技術を見て盗むには、今は過去最高の環境。
かつて岡部幸雄や武は、騎乗馬が決まっていなくても積極的に海外に出て、自身の技術に磨きをかけた。が、今は「世界」のほうから日本に来てくれるようになった。
地方でリーディングを獲った騎手や、外国人の一流どころを相手にしなければならない現状は、JRA叩き上げの若手騎手にとって厳しいかもしれないが、技術を見て盗むのに、これほど恵まれた状況はかつてなかった、と言うこともできる。
書いているうちに原稿の趣旨が変わってきたような気がしないでもないが、琴奨菊が日本出身力士として10年ぶりに優勝した大相撲初場所の盛り上がりを見て、競馬がかつての熱さをとり戻すには、日本人騎手の活躍が不可欠だとあらためて思った。1980年代の終わりから、競馬とほぼ同時期にブームになったF1も、日本人ドライバーがいたからこそ注目された。
日本馬の水準が世界トップクラスになったのは間違いない。いいクルマに乗ると運転が上手くなるように、世界トップクラスの馬に乗っている騎手の腕も当然世界の頂点に近づいていくだろう。

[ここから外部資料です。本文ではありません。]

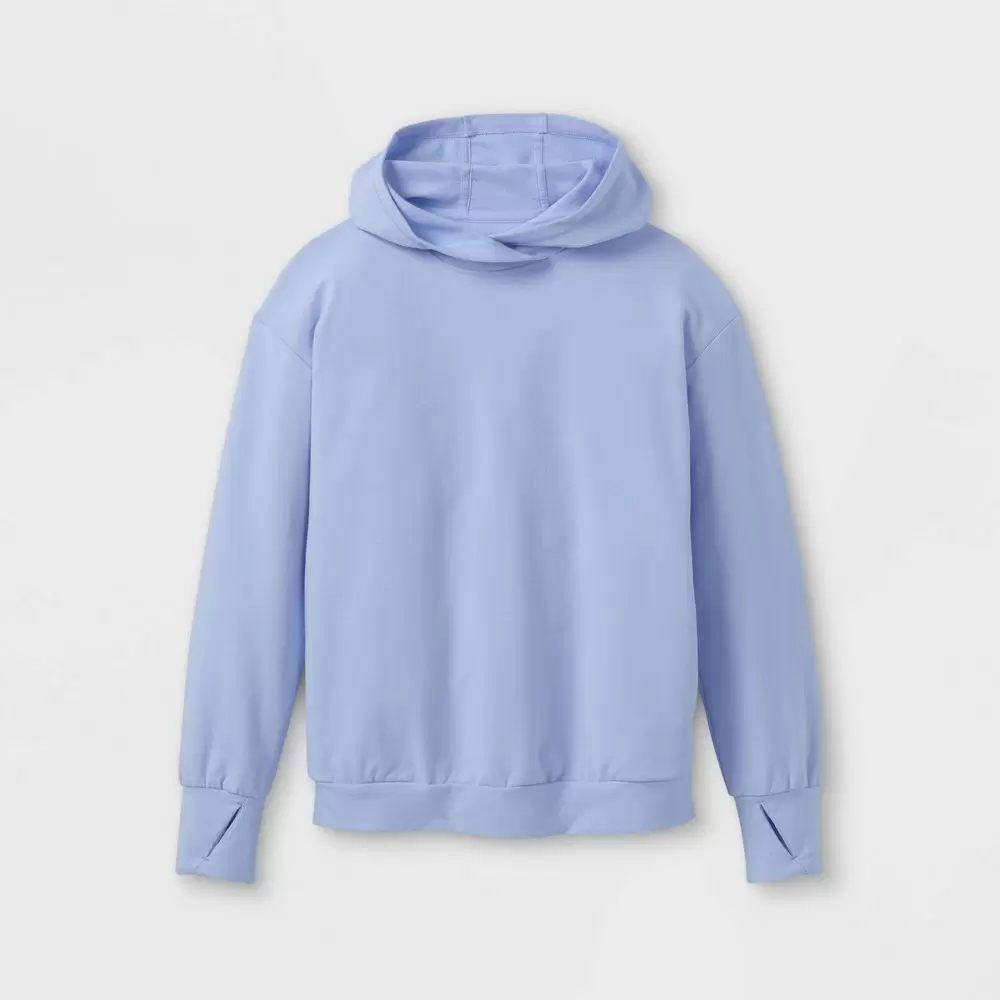 Photo 1 of Girls' Lightweight Fleece Hooded Sweatshirt - All in Motion Periwinkle Blue XS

30年連続重賞制覇をやってのけた武をはじめ、その武の新人最多勝記録を更新した三浦皇成、三浦以来の大型ルーキーとなった松若風馬にも、もっと、もっと頑張ってもらいたい。
おそらく今年から、日本馬が出る海外のビッグレースの馬券を日本でも買えるようになる。日本馬が凱旋門賞初制覇を遂げて大ニュースになるとき、その鞍上には日本人騎手がいてほしい――と、ひとりの日本人競馬ファンとして、強く思う。